**WORK TO BE COMPLETED**
In the listing that follows, find the line with "3305 W Rock Creek Road", then copy exactly from it through the line with "Ford-f250-camper-special-1979-14", leaving out every picture.

**DATASET RECORDS**
====

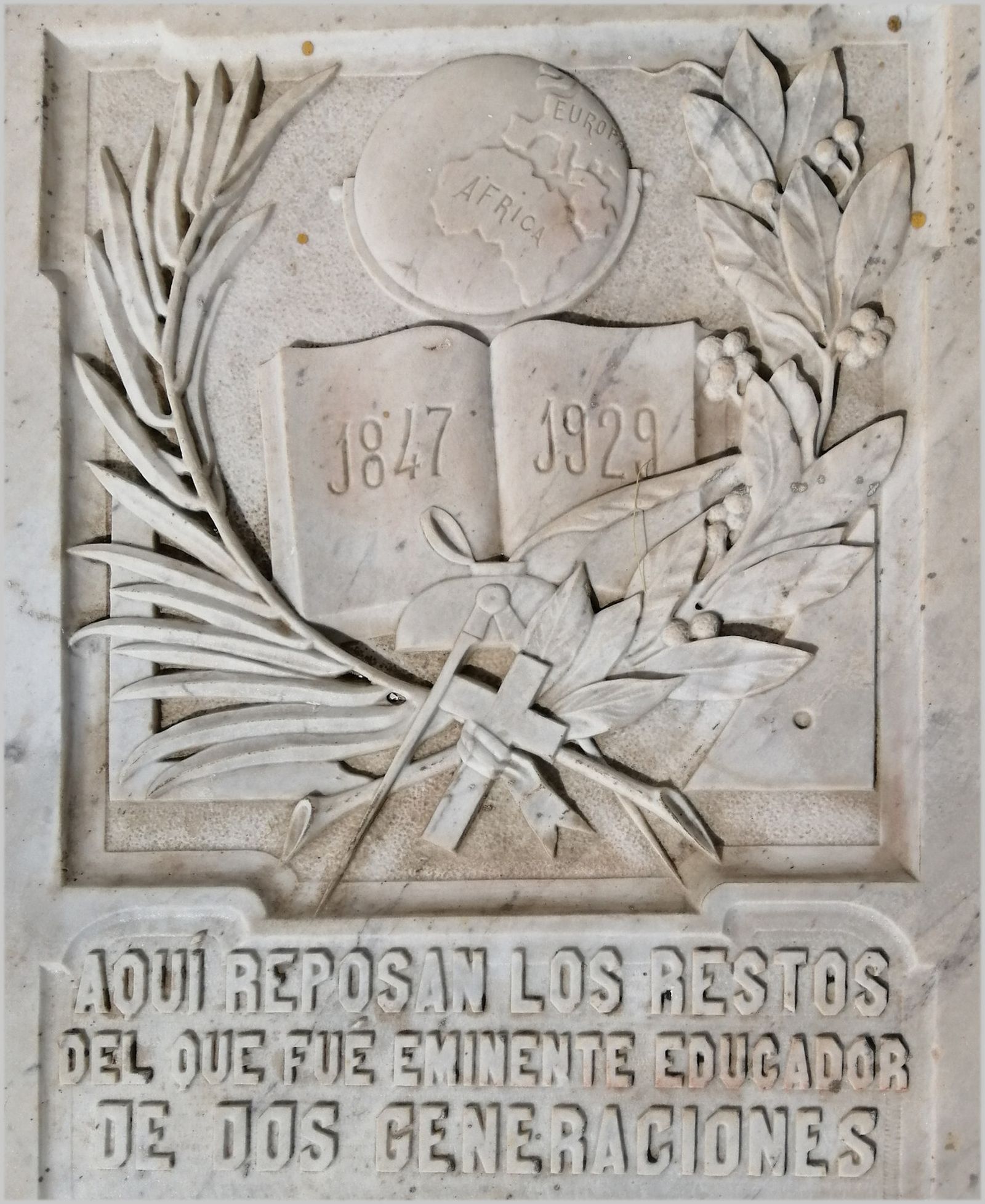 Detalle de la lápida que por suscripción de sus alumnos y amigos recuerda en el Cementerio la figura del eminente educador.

====

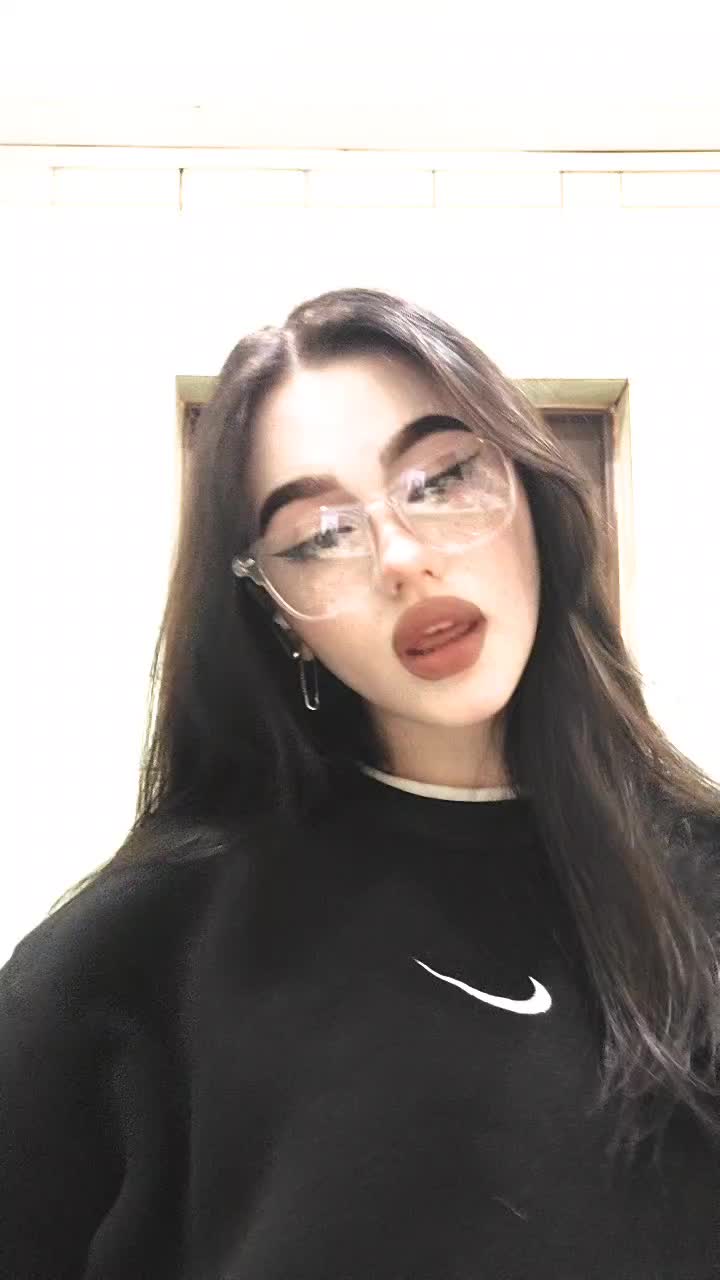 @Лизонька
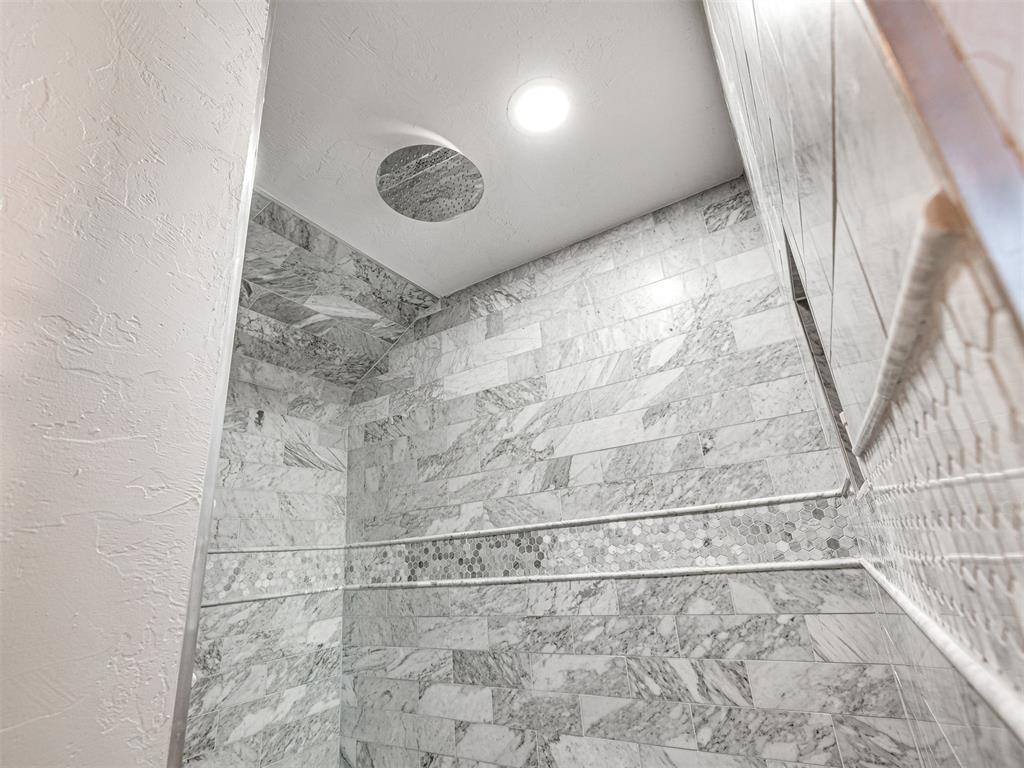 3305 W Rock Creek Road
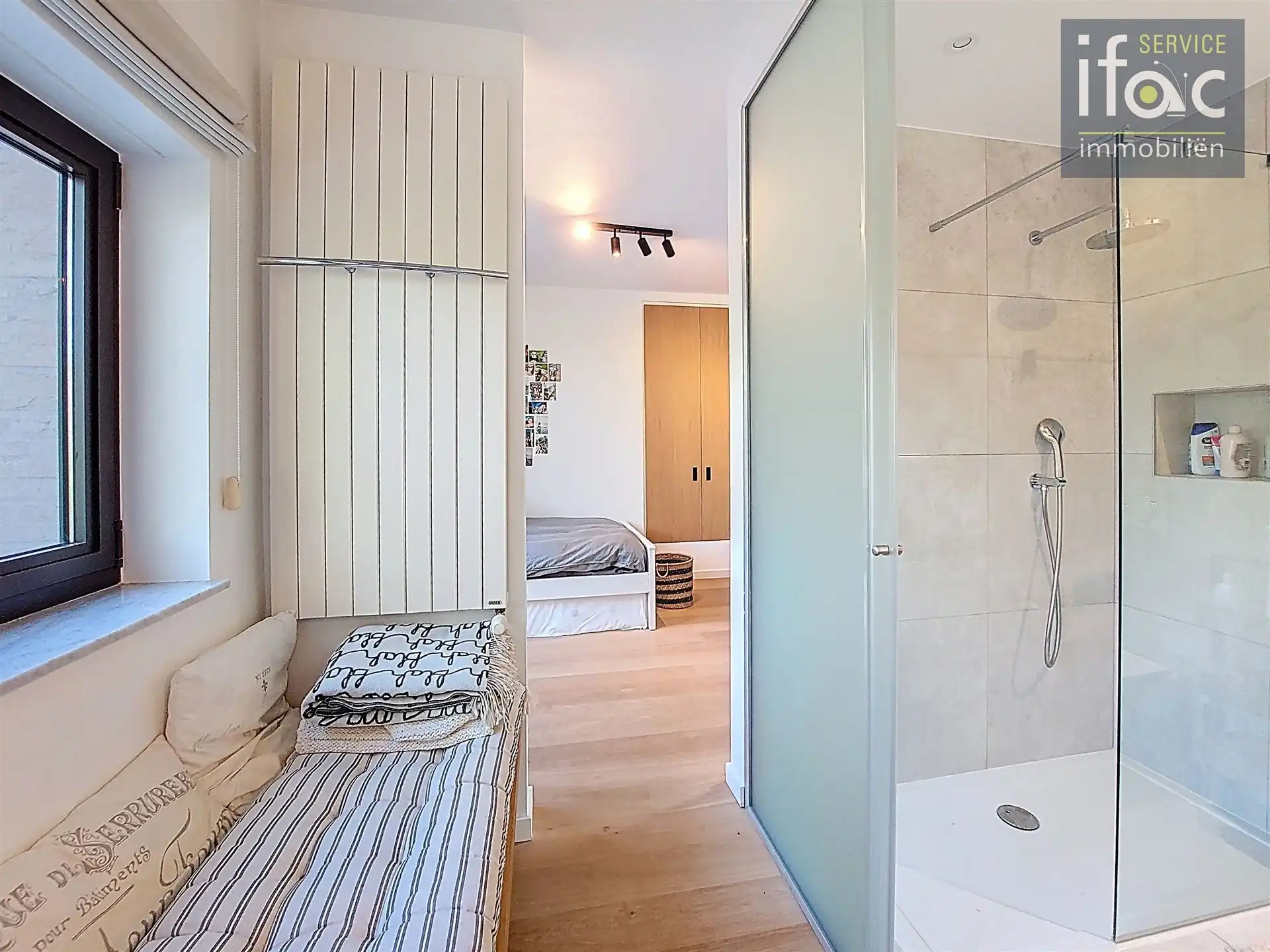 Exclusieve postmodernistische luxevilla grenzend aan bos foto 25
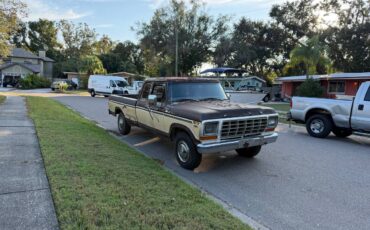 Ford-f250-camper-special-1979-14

====

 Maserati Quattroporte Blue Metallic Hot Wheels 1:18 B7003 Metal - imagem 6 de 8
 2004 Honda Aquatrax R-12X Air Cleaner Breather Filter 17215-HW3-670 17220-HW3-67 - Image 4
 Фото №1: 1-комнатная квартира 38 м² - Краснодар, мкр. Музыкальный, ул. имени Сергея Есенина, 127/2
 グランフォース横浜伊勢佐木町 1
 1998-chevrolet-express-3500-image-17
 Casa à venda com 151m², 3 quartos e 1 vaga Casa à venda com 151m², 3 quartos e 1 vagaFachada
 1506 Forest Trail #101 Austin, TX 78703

====

**SOLUTION TO THE PROBLEM**
 3305 W Rock Creek Road
 Exclusieve postmodernistische luxevilla grenzend aan bos foto 25
 Ford-f250-camper-special-1979-14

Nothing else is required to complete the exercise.